Task goal:
Within the entries below, find each line containing the word "Photo" and copy it.

Task inputs:
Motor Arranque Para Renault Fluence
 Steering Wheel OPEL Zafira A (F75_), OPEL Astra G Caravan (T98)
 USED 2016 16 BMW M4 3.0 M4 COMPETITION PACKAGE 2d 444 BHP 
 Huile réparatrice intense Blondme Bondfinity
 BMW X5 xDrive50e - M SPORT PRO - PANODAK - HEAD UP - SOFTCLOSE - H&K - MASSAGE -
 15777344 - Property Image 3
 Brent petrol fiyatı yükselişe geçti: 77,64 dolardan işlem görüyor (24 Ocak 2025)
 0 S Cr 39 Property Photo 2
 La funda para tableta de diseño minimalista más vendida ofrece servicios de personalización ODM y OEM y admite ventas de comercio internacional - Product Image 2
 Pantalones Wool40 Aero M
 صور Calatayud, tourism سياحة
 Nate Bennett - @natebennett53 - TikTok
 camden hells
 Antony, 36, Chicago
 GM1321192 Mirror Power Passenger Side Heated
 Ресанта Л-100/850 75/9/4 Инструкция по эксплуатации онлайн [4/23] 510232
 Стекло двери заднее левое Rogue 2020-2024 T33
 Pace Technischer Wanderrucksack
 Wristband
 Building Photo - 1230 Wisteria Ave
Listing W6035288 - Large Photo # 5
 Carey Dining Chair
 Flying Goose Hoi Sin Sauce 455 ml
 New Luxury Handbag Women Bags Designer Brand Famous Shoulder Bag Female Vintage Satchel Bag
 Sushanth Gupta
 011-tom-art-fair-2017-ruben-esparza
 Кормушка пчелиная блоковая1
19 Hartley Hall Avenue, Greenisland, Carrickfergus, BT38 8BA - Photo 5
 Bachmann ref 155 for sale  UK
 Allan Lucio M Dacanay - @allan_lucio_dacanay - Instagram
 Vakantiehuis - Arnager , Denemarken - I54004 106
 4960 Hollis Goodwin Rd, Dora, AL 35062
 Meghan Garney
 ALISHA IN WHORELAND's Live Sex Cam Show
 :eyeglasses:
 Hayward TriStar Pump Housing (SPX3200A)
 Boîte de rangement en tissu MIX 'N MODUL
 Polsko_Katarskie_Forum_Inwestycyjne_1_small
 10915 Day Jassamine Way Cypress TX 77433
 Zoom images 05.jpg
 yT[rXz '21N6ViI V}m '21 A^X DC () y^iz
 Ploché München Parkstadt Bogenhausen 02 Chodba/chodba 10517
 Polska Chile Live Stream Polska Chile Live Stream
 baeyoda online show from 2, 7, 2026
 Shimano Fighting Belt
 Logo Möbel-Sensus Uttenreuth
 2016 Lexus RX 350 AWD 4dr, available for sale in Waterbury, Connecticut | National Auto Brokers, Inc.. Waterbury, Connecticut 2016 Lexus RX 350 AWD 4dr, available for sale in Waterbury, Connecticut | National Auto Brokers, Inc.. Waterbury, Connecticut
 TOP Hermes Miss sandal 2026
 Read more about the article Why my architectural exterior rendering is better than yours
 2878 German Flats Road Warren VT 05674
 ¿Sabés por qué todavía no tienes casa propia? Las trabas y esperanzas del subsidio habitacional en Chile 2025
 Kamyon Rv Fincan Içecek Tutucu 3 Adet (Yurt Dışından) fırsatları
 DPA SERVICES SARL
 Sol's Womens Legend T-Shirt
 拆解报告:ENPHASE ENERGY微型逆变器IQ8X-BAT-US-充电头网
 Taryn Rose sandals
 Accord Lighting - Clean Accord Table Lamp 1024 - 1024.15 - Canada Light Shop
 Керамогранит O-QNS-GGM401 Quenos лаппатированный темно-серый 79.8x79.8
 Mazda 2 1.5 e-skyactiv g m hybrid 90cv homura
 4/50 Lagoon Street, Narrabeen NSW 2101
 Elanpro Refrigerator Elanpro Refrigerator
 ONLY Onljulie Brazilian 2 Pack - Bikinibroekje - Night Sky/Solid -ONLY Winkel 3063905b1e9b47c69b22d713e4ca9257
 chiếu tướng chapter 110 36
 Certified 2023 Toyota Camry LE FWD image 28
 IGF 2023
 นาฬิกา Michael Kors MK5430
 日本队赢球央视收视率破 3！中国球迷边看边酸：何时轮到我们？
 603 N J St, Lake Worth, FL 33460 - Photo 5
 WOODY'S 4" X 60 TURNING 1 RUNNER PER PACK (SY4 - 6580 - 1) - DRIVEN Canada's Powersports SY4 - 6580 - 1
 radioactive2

Result:
 0 S Cr 39 Property Photo 2
 Building Photo - 1230 Wisteria Ave
Listing W6035288 - Large Photo # 5
19 Hartley Hall Avenue, Greenisland, Carrickfergus, BT38 8BA - Photo 5
 603 N J St, Lake Worth, FL 33460 - Photo 5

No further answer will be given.